Infrastructures essentielles

Logiciels : les limites des droits d’auteur

Un arrêt du 12 juillet 2005 rappelle que les circonstances dans lesquelles le droit de la concurrence fait céder le droit d’auteur sont exceptionnelles. L’affaire avait fait grand bruit : le Conseil de la concurrence avait enjoint à titre conservatoire aux Nouvelles Messageries de la Presse Parisienne (NMPP), le 22 décembre 2003, d’accorder à leurs concurrents, les Messageries Lyonnaises de Presse (MLP), un accès à certaines fonctionnalités de leur logiciel Presse 2000. Approuvé en cela par la cour d’appel de Paris, il avait considéré que ce logiciel, qui gère la transmission des informations entre messageries de presse, dépositaires de presse et diffuseurs de presse, était indispensable à l’activité des MLP, notamment en raison de son caractère non reproductible. En conséquence, le refus par les NMPP d’y donner accès était susceptible de constituer un abus de position dominante.

 

La décision du Conseil était fondée sur la théorie dite des « infrastructures essentielles » issue du droit anglo-saxon, qui vise à contraindre une entreprise en position dominante, détentrice d’une ressource rare et non reproductible de façon raisonnable, à en accorder l’accès à ses concurrents si elle est indispensable à leur activité. Avant cette décision, le Conseil de la concurrence tout comme la Commission européenne avait déjà enjoint à des opérateurs en position dominante d’accorder l’accès à des infrastructures physiques indispensables à l’activité de leurs concurrents. S’agissant d’un port, d’un aéroport ou encore des infrastructures de France Télécom (pour permettre l’entrée de nouveaux opérateurs du câble ou de fournisseurs d’accès à Internet), nul ne s’était indigné.

 

Mais pouvait-on forcer un opérateur en position dominante à accorder une licence à ses concurrents sur une marque, un brevet ou des éléments protégés par le droit d’auteur ?

 

Les autorités françaises et communautaires de concurrence n’ont pas hésité à le faire. La Commission européenne n’a ainsi pas hésité à infliger 497 millions d’euros d’amende à Microsoft, notamment pour avoir refusé de fournir à ses concurrents des informations protégées par le droit d’auteur leur permettant d’assurer l’interopérabilité de leurs produits avec Windows. La Cour de justice des Communautés européennes n’a pas davantage hésité à définir les conditions dans lesquelles l’accès à la base de données de la société IMS Health protégée par le droit d’auteur devait être accordé.

 

Enfin, parmi les cas les plus marquants, l’amende de 60 millions d’euros infligée le 15 juin dernier par la Commission à AstraZeneca était fondée bien que les pratiques reprochées soient différentes sur l’exploitation abusive d’un brevet par ce laboratoire. En France, le Conseil de la concurrence n’est pas en reste.

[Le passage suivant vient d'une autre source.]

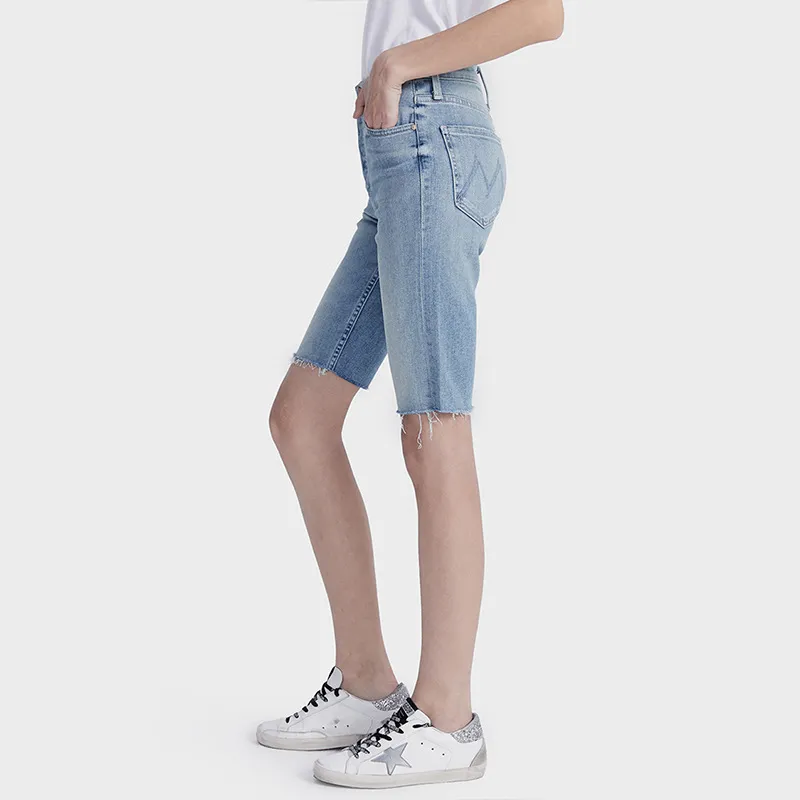 MOTHER Denim Shorts Women's Light Blue-2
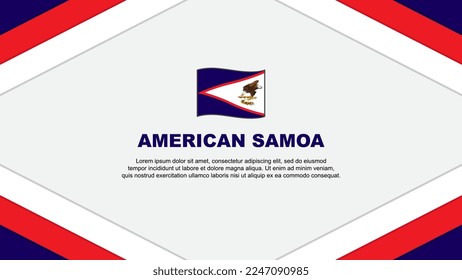 Modèle De Conception Abstraite D'Arrière-Plan Du Drapeau Des Samoa Américaines. Illustration Vectorielle de la bannière de la fête de l'indépendance des Samoa américaines. Modèle Samoa américaines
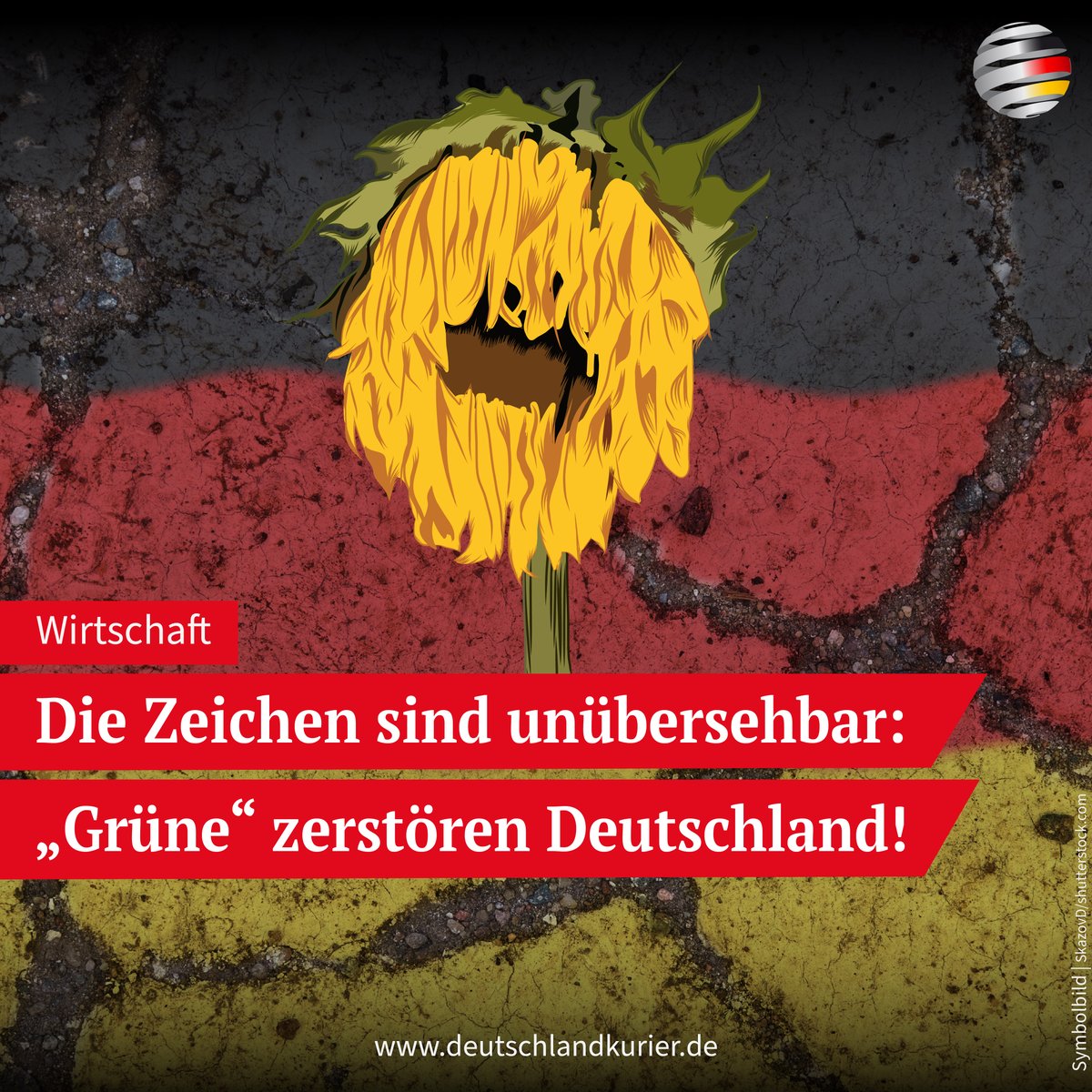 Deu_Kurier's tweet photo. Industrie-Insider warnen vor Wohlstandsverlusten „in bislang unvorstellbarem Ausmaß”. #Energiewende-Irrsinn und #Sanktions-Wahn haben die – noch – viertgrößte #Industrienation Deutschland an den Rand des Abgrunds gebracht:
https://t.co/3p9DAMRm2A https://t.co/0wfgw0dnip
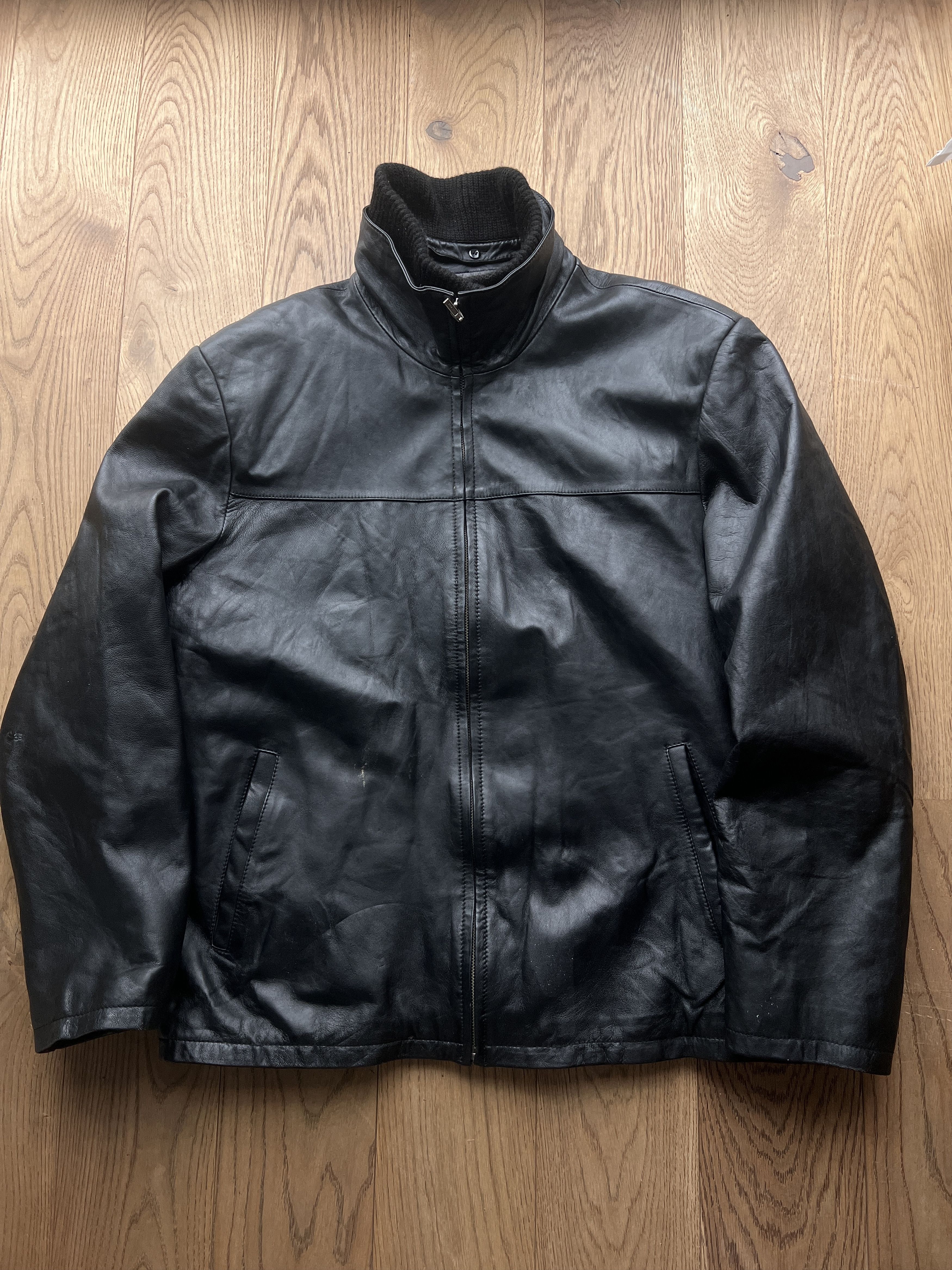 If Six Was Nine The Sopranos vibe VTG 2000s leather jacket coat opium y2k Size US L / EU 52-54 / 3 - 2 Thumbnail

Qu’il s’agisse de la marque Numéro Vert de France Télécom ou du logiciel Presse 2000 des NMPP, il n’a pas hésité à faire application du droit de la concurrence pour limiter les droits du titulaire de la marque ou des droits d’auteur.

 

L’arrêt de la Cour de cassation du 12 juillet 2005 vient rappeler que les circonstances dans lesquelles le droit de la concurrence peut faire céder le droit d’auteur doivent rester exceptionnelles, à l’instar de ce que jugent les autorités communautaires de concurrence (notamment dans l’arrêt Oscar Bronner du 26 novembre 1998). En effet, une telle atteinte au droit d’auteur ne peut être justifiée que si les droits en cause sont indispensables à l’activité des concurrents, et s’il n’existe pas de solution alternative économiquement raisonnable. Dans l’affaire des NMPP, le Conseil de la concurrence avait estimé que tel était le cas, compte tenu des particularités du contexte concurrentiel. Notamment, l’implantation d’un logiciel concurrent développé par les MLP lui semblait irréaliste, compte tenu de l’attachement des dépositaires de presse à un système informatique unique. La Cour de cassation vient de rejeter cette approche qui, bien que pragmatique, aurait pu donner lieu à des dérives.

 

Désormais, il conviendra de démontrer l’absence de solutions alternatives économiquement raisonnables, « fussent-elles moins avantageuses ». En d’autres termes, une licence « forcée » ne peut être octroyée que si le refus d’accès au droit de propriété intellectuelle conduit à exclure purement et simplement un concurrent du marché.